TCU define destino de erro de R$ 7 bi em contas

As distribuidoras de energia elétrica enfrentam hoje o risco de uma "quarta-feira negra" e movem as últimas peças para evitar um baque em suas finanças. Quatro anos depois de ter apontado um "erro" na fórmula de reajuste das tarifas, entre 2002 e 2009, o Tribunal de Contas da União marcou para hoje uma sessão em que seus ministros pretendem definir se os consumidores deverão ser ressarcidos pelos valores cobrados indevidamente nas contas de luz. O impacto é estimado em R$ 7 bilhões pelo TCU.

O próprio tribunal se dividiu, aumentando a expectativa em torno do pronunciamento dos ministros. Um parecer dos auditores responsáveis pela identificação do "erro" defende a devolução dos valores ou uma compensação nos futuros reajustes.

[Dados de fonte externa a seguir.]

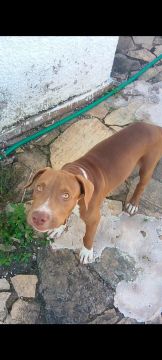 Filhote de piti Bull barato 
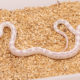 Albino black and white california kingsnake for sale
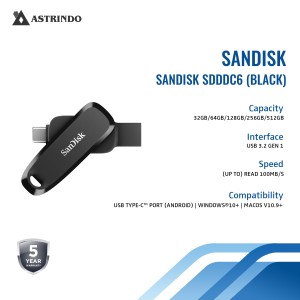 SanDisk Flashdisk Phone Drive SDDDC6 256GB for And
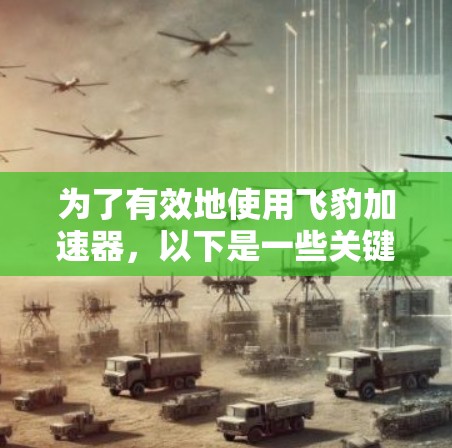 为了有效地使用飞豹加速器,以下是一些关键步骤和信息的总结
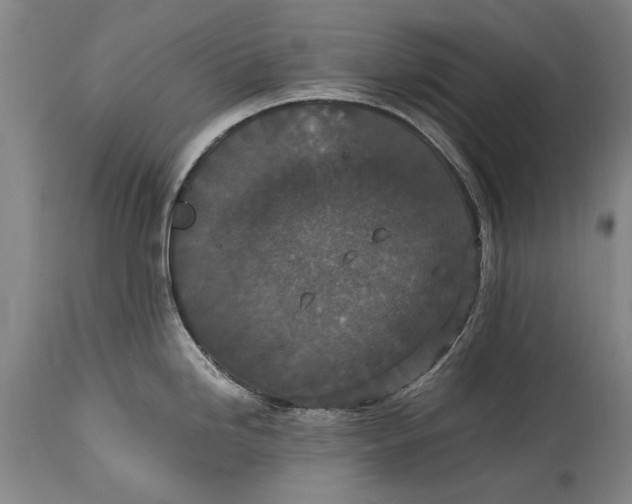 X0000115121246200911171321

Já o procurador-geral do Ministério Público junto ao Tribunal de Contas da União, Lucas Furtado, tem opinião oposta. Para ele, as distribuidoras "em nada contribuíram para o possível erro metodológico" e "simplesmente sujeitavam-se à aplicação da fórmula de reajuste tarifário prevista no contrato de concessão". Por isso, segundo parecer de Furtado encaminhado aos ministros e obtido pelo Valor, o ressarcimento "compromete a estabilidade das concessões" e "poderá representar um desestímulo a novos investimentos".

De acordo com a auditoria feita pelo TCU em 2008, a fórmula aplicada pela Agência Nacional de Energia Elétrica (Aneel) nos reajustes anuais dividia as despesas com todos os encargos embutidos nas contas de luz pelo número de consumidores. No entanto, segundo o tribunal, o cálculo não levava em conta o aumento da demanda e o resíduo - estimado em R$ 1 bilhão - ficava com as distribuidoras. A Aneel alterou essa fórmula e as empresas aceitaram assinar termos aditivos aos contratos de concessão, mas sem admitir nenhum tipo de "erro" ou a possibilidade de ressarcimento dos consumidores.

O número citado pelo TCU é bastante polêmico. Em ofício, a agência reguladora chegou a calcular que esse resíduo foi de R$ 630 milhões em 2009, pegando um universo de dez grandes empresas do setor - estão na lista a Eletropaulo, a CPFL, a Cemig e a Copel. Para o deputado Eduardo da Fonte (PP-PE), que presidiu a CPI das Tarifas de Energia Elétrica, isso indica um ressarcimento provavelmente superior a R$ 1 bilhão por ano, considerando a atualização dos valores e o universo total de 63 distribuidoras.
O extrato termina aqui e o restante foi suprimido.